§ **WHAT YOU WILL DO**: For the entries that follow, set down each one exactly and drop any pictures.

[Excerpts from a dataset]

•••

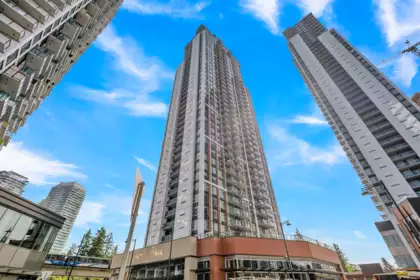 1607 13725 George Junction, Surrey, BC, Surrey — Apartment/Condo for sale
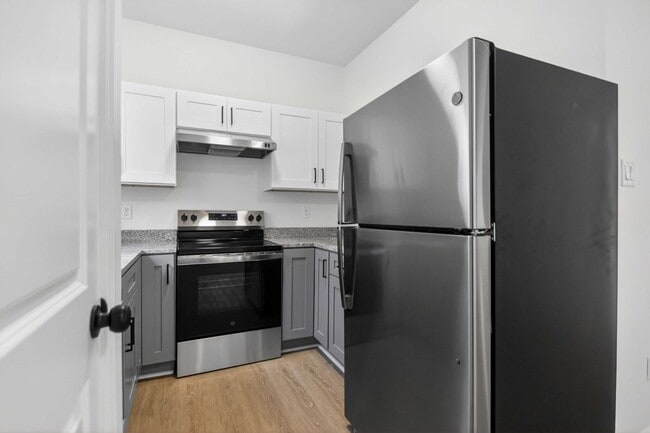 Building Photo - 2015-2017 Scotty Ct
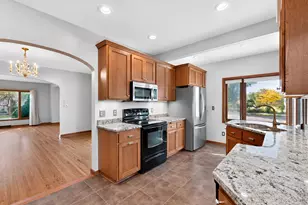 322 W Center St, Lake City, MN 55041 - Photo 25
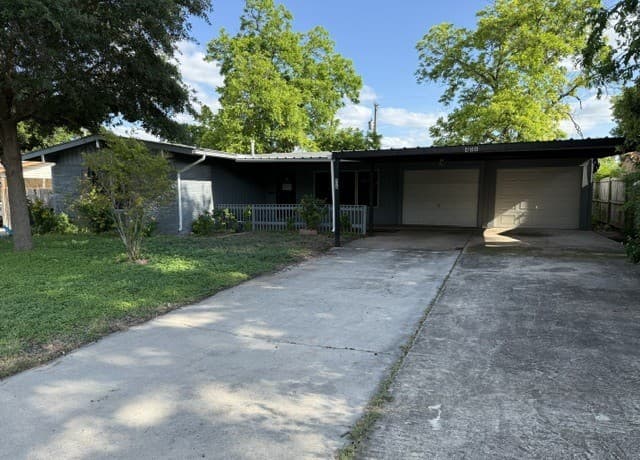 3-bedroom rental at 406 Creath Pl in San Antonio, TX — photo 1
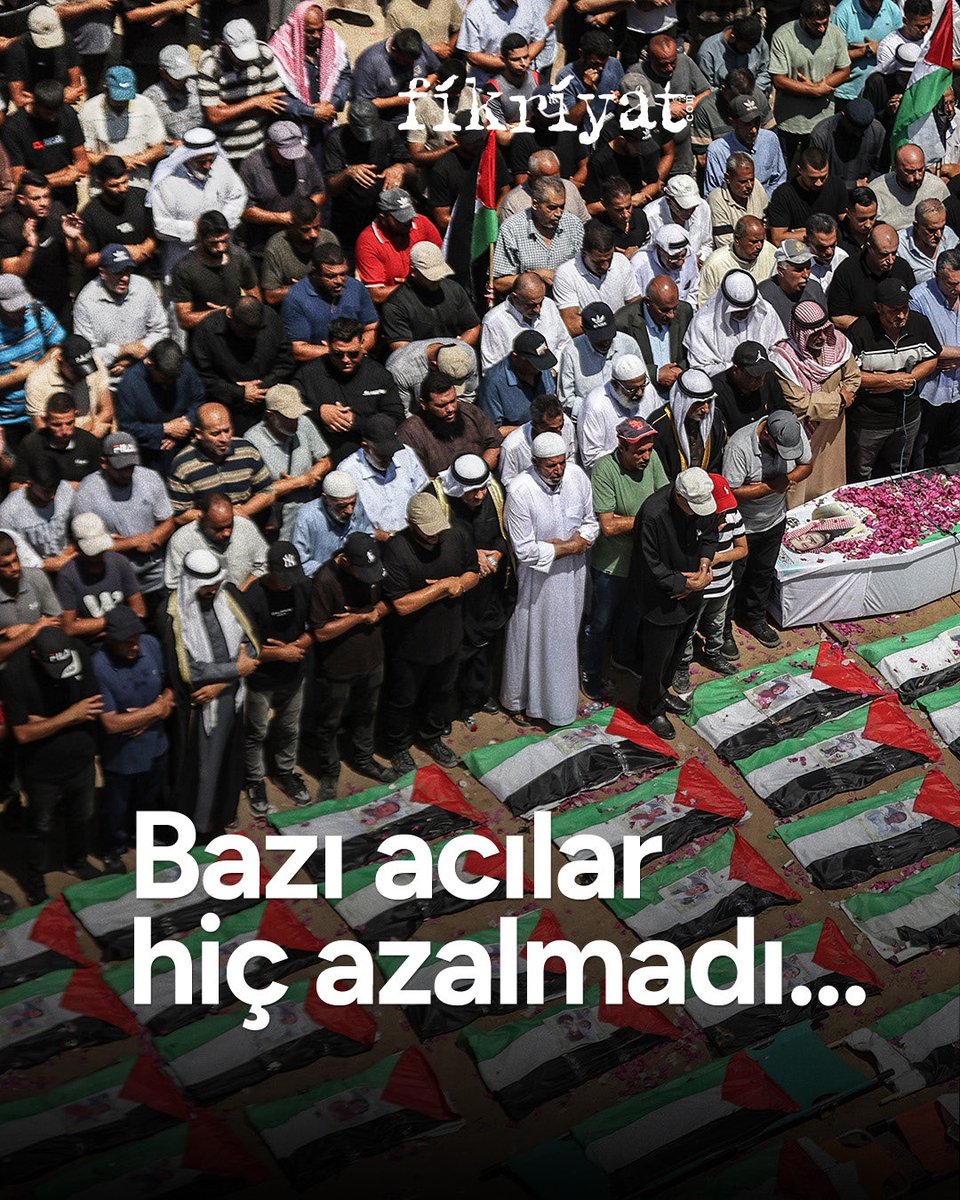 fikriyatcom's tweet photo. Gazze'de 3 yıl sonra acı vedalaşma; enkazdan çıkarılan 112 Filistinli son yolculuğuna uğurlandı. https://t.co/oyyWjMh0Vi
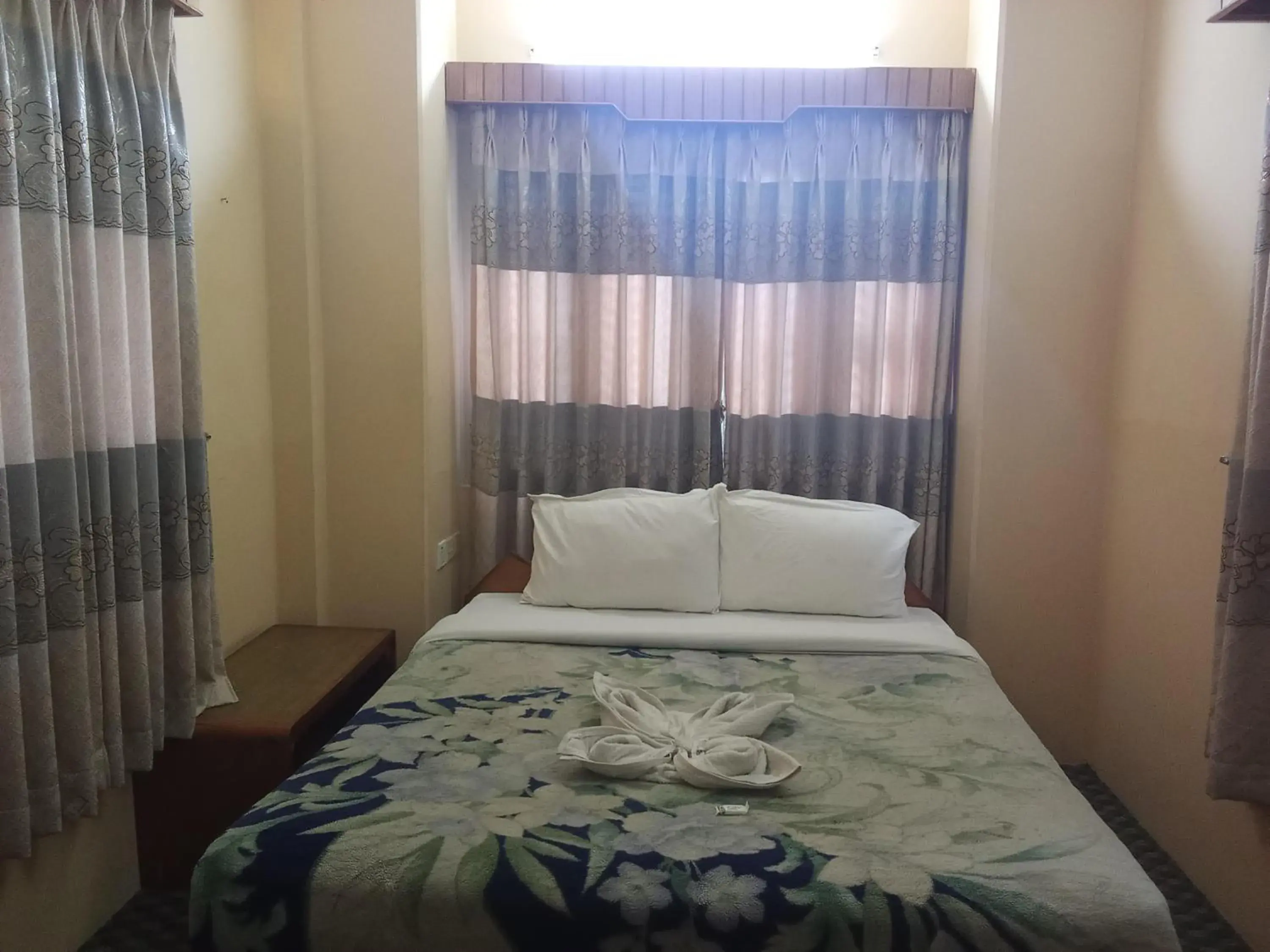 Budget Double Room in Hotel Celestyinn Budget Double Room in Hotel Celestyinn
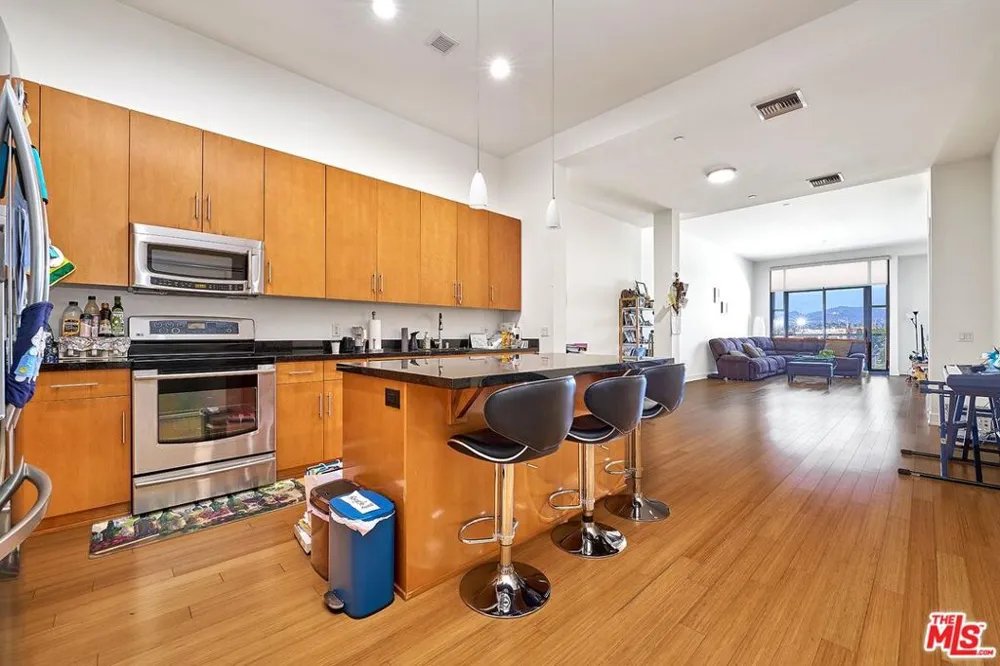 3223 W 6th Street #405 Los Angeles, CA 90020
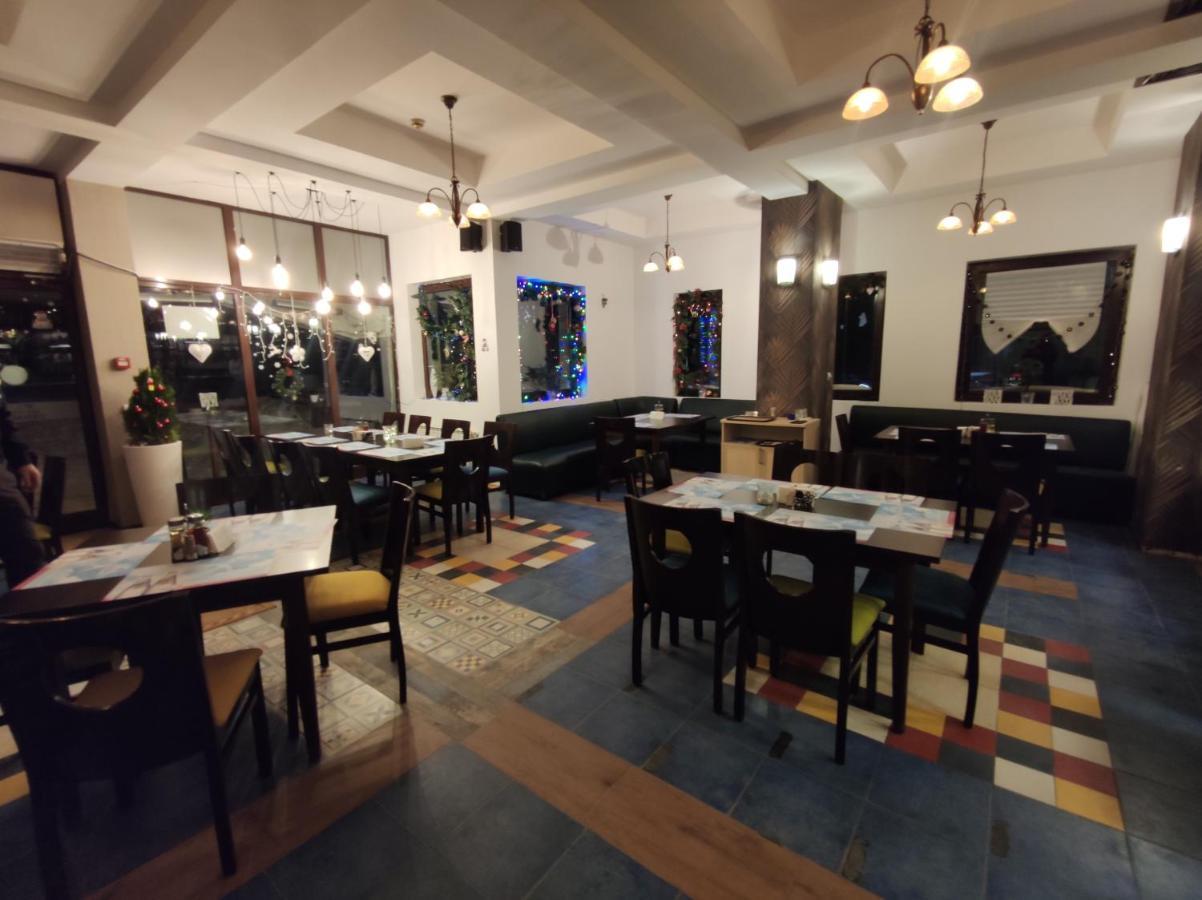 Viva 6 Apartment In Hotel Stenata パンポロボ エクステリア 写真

•••

§ **SOLUTION**:
 1607 13725 George Junction, Surrey, BC, Surrey — Apartment/Condo for sale
 Building Photo - 2015-2017 Scotty Ct
 322 W Center St, Lake City, MN 55041 - Photo 25
 3-bedroom rental at 406 Creath Pl in San Antonio, TX — photo 1
 fikriyatcom's tweet photo. Gazze'de 3 yıl sonra acı vedalaşma; enkazdan çıkarılan 112 Filistinli son yolculuğuna uğurlandı. https://t.co/oyyWjMh0Vi
 Budget Double Room in Hotel Celestyinn Budget Double Room in Hotel Celestyinn
 3223 W 6th Street #405 Los Angeles, CA 90020
 Viva 6 Apartment In Hotel Stenata パンポロボ エクステリア 写真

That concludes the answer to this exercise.